[Caption-style text data]
↓

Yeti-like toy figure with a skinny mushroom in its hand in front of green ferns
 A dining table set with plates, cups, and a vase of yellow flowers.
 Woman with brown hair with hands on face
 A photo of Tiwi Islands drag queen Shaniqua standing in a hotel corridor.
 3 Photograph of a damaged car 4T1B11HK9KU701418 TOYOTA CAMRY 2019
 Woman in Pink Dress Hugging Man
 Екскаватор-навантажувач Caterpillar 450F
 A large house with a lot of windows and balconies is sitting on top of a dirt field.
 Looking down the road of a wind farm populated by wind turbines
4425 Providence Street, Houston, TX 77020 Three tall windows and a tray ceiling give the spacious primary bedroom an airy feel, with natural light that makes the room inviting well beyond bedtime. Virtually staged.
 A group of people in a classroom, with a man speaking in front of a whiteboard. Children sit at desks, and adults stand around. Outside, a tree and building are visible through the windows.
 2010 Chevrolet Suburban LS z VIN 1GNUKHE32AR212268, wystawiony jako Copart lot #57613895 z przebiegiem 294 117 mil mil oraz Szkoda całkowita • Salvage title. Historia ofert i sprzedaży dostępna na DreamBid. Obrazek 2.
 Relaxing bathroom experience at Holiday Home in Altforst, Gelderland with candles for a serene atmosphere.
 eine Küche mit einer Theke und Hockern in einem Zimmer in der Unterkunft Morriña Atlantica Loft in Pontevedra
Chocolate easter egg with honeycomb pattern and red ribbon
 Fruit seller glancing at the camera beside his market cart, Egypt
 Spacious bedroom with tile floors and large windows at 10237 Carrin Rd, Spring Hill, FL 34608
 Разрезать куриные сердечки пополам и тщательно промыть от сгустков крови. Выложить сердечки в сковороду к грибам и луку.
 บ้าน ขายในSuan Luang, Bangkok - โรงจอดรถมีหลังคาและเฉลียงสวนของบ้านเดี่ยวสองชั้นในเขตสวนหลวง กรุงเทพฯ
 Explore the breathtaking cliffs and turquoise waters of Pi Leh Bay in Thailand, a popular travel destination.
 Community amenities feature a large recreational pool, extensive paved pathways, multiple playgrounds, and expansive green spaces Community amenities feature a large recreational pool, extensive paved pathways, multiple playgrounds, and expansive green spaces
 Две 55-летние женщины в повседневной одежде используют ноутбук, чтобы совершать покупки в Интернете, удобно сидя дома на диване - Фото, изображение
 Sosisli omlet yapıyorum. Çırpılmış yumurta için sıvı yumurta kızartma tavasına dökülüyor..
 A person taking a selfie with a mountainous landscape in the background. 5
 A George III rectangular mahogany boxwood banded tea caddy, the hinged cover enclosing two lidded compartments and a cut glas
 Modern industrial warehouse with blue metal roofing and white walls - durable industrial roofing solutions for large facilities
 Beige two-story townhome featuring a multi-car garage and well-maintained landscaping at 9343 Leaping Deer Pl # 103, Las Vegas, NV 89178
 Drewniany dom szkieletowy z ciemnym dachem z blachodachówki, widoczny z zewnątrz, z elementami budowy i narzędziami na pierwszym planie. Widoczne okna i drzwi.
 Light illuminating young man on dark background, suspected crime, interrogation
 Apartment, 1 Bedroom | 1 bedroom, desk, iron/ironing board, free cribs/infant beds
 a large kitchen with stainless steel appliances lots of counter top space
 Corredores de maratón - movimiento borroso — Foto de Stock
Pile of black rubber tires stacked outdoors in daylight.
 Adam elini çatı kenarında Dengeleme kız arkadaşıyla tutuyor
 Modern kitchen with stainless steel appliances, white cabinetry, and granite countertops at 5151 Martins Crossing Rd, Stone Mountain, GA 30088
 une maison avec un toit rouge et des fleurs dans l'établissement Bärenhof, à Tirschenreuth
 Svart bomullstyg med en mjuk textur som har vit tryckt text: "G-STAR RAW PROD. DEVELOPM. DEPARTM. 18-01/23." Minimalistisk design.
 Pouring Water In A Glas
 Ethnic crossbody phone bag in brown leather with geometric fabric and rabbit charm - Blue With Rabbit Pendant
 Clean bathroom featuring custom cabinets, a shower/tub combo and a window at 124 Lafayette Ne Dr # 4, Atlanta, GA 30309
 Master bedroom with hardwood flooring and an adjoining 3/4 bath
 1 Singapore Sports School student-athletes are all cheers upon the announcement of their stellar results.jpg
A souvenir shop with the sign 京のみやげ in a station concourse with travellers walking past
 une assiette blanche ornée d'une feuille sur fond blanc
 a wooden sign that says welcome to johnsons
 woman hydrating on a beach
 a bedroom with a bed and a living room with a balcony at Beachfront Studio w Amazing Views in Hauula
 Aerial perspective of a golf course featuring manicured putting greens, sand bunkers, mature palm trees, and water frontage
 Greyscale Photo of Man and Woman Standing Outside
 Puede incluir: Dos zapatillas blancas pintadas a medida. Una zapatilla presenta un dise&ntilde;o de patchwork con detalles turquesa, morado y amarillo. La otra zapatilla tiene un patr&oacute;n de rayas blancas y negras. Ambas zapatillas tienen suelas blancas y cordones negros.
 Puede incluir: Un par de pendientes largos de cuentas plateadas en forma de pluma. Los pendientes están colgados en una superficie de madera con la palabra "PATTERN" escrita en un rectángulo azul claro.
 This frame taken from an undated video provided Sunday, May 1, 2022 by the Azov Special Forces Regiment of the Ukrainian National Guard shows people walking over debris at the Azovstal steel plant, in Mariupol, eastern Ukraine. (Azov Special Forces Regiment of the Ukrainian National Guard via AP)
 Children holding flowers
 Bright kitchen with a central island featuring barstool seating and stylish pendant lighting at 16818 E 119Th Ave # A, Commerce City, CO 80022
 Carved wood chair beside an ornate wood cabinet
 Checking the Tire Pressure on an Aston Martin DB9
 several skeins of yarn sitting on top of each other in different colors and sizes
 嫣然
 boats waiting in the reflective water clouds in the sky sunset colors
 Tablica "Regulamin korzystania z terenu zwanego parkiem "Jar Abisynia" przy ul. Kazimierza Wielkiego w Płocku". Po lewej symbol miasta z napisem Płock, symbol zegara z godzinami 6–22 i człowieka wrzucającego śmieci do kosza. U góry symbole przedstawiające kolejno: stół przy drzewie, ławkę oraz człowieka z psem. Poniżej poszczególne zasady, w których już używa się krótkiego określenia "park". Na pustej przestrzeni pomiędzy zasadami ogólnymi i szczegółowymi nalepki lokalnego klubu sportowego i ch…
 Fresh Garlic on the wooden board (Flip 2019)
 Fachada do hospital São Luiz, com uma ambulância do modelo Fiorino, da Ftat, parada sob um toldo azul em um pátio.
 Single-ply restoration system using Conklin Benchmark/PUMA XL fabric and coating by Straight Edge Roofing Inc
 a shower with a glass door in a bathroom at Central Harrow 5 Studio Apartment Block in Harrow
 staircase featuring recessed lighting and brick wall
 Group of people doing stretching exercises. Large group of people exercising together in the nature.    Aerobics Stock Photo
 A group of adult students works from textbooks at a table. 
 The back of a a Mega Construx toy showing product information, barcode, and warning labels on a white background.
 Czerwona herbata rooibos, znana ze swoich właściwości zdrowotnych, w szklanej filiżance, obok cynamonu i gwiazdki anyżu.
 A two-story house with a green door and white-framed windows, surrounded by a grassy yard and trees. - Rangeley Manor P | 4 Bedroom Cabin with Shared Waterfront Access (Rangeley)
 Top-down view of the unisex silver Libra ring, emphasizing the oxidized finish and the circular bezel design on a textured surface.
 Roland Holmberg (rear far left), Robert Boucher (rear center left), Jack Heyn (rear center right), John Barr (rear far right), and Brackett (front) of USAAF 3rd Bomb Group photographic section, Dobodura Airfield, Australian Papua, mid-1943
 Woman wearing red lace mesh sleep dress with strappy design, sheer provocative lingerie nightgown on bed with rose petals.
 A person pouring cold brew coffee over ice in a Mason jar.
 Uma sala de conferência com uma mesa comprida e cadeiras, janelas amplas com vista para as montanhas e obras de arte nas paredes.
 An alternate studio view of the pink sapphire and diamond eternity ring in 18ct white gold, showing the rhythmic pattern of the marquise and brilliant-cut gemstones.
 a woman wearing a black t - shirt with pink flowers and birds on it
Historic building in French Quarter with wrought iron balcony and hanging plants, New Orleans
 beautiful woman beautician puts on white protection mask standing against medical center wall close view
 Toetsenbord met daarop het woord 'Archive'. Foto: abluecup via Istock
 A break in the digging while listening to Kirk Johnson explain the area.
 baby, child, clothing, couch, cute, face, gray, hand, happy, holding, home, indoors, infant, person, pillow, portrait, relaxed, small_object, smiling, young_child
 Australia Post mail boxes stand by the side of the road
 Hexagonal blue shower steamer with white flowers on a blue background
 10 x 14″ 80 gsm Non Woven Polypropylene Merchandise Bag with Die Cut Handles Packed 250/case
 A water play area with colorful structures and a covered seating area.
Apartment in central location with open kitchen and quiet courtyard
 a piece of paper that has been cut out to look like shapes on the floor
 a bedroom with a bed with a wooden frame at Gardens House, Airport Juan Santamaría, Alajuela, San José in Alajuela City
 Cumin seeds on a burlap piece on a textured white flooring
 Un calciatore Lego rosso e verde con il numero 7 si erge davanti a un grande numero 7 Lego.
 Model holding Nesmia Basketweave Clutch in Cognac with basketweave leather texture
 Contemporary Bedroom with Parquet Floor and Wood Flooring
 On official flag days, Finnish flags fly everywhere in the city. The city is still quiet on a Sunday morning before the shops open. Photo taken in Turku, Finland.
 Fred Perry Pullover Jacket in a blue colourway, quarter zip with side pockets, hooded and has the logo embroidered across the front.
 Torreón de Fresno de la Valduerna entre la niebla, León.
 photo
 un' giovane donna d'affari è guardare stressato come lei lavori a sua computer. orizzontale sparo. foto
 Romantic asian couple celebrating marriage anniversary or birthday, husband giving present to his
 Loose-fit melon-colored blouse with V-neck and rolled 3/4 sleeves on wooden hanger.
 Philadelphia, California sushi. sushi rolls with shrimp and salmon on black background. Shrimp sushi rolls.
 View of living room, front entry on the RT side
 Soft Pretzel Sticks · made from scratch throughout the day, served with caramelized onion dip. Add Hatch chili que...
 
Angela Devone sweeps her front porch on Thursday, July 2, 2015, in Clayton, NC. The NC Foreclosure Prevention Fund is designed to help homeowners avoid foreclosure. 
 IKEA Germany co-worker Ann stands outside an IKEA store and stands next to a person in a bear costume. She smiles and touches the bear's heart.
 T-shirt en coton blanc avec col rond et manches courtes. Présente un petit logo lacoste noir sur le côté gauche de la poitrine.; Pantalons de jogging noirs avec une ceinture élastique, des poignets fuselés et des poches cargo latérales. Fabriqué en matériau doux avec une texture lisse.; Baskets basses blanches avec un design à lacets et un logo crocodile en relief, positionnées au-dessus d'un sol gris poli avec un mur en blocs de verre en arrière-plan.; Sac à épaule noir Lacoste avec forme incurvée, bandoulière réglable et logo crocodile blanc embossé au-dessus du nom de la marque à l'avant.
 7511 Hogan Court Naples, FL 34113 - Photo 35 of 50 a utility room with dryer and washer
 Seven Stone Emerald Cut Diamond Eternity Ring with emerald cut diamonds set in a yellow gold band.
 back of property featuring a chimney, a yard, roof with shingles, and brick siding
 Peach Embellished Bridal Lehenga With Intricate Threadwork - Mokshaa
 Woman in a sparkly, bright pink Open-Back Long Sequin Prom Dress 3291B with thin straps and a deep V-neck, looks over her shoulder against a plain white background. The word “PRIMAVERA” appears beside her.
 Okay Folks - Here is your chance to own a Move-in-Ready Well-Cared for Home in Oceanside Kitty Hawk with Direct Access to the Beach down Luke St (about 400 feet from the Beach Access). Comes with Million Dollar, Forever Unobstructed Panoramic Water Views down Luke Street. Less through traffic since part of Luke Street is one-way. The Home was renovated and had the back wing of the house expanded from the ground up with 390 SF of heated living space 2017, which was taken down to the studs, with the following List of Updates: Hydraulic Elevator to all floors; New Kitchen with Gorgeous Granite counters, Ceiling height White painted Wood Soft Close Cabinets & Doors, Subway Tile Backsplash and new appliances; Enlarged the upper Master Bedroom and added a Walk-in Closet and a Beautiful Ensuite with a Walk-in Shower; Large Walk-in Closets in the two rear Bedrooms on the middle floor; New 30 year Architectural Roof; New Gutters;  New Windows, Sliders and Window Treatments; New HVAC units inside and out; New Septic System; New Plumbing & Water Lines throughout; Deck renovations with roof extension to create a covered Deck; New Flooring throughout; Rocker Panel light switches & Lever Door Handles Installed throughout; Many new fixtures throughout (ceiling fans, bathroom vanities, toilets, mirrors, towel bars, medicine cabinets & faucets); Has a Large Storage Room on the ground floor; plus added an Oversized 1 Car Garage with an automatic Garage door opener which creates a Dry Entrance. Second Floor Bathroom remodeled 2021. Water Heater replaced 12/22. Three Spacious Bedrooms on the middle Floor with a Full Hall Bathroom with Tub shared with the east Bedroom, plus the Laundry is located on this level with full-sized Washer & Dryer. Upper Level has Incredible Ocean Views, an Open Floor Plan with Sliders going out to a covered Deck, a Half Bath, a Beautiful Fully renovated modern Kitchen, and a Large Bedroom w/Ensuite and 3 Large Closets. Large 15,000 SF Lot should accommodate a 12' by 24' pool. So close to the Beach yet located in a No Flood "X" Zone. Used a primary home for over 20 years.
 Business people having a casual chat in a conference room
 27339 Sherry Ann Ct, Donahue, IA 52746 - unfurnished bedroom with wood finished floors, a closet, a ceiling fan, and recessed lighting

↑

[PROBLEM STATEMENT] Counting only lines that contain the word "iron", state how many appear in the entries, and add nothing.

[TASK RESULT] 2